[Web page caption snippets]
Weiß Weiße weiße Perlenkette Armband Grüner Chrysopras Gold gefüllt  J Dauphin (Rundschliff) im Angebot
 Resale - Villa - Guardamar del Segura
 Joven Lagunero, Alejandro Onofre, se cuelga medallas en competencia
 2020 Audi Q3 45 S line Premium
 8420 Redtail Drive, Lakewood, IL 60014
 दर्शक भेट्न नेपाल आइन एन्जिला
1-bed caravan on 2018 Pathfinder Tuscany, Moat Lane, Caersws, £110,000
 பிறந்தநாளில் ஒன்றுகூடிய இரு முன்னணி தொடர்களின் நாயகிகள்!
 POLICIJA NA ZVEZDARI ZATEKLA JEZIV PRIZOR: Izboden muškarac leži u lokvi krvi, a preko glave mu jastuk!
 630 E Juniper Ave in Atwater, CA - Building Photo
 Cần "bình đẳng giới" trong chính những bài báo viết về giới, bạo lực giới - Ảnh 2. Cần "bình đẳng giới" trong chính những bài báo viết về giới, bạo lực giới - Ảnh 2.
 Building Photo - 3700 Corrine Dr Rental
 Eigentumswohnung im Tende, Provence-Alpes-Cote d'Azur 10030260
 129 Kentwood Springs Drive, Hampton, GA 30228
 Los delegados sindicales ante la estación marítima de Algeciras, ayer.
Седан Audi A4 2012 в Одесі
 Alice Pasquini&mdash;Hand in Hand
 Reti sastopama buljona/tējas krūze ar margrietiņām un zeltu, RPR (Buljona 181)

_TASK BRIEF_
Look through the entries above for the word "Drive". Copy every line where it shows up.

_YOUR RESPONSE_
 8420 Redtail Drive, Lakewood, IL 60014
 129 Kentwood Springs Drive, Hampton, GA 30228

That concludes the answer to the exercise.